TASK INSTRUCTIONS ▸
What follows is data; output all of it exactly as given.

(Short descriptive text snippets)

########################################

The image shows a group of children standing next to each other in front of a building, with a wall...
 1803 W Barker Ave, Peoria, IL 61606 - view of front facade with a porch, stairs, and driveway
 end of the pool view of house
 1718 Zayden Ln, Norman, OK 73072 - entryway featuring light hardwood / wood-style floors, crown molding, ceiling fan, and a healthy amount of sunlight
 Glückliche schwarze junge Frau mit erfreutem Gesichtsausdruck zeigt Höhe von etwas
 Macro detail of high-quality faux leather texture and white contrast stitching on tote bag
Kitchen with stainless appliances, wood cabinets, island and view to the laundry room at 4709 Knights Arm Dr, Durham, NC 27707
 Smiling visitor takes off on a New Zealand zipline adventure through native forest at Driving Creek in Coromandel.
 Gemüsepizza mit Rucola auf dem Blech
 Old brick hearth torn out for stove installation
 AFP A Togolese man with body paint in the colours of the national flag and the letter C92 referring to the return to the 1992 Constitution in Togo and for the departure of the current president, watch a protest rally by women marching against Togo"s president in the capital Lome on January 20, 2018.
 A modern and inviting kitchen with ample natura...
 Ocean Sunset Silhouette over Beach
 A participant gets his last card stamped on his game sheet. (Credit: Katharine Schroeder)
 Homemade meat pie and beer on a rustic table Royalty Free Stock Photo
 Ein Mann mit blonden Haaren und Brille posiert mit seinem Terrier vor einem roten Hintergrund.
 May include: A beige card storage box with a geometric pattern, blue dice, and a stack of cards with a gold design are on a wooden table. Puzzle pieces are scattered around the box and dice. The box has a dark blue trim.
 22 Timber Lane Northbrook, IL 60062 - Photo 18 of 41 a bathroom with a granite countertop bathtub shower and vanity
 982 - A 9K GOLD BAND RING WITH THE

########################################

ANSWER SPACE ▸
The image shows a group of children standing next to each other in front of a building, with a wall...
 1803 W Barker Ave, Peoria, IL 61606 - view of front facade with a porch, stairs, and driveway
 end of the pool view of house
 1718 Zayden Ln, Norman, OK 73072 - entryway featuring light hardwood / wood-style floors, crown molding, ceiling fan, and a healthy amount of sunlight
 Glückliche schwarze junge Frau mit erfreutem Gesichtsausdruck zeigt Höhe von etwas
 Macro detail of high-quality faux leather texture and white contrast stitching on tote bag
Kitchen with stainless appliances, wood cabinets, island and view to the laundry room at 4709 Knights Arm Dr, Durham, NC 27707
 Smiling visitor takes off on a New Zealand zipline adventure through native forest at Driving Creek in Coromandel.
 Gemüsepizza mit Rucola auf dem Blech
 Old brick hearth torn out for stove installation
 AFP A Togolese man with body paint in the colours of the national flag and the letter C92 referring to the return to the 1992 Constitution in Togo and for the departure of the current president, watch a protest rally by women marching against Togo"s president in the capital Lome on January 20, 2018.
 A modern and inviting kitchen with ample natura...
 Ocean Sunset Silhouette over Beach
 A participant gets his last card stamped on his game sheet. (Credit: Katharine Schroeder)
 Homemade meat pie and beer on a rustic table Royalty Free Stock Photo
 Ein Mann mit blonden Haaren und Brille posiert mit seinem Terrier vor einem roten Hintergrund.
 May include: A beige card storage box with a geometric pattern, blue dice, and a stack of cards with a gold design are on a wooden table. Puzzle pieces are scattered around the box and dice. The box has a dark blue trim.
 22 Timber Lane Northbrook, IL 60062 - Photo 18 of 41 a bathroom with a granite countertop bathtub shower and vanity
 982 - A 9K GOLD BAND RING WITH THE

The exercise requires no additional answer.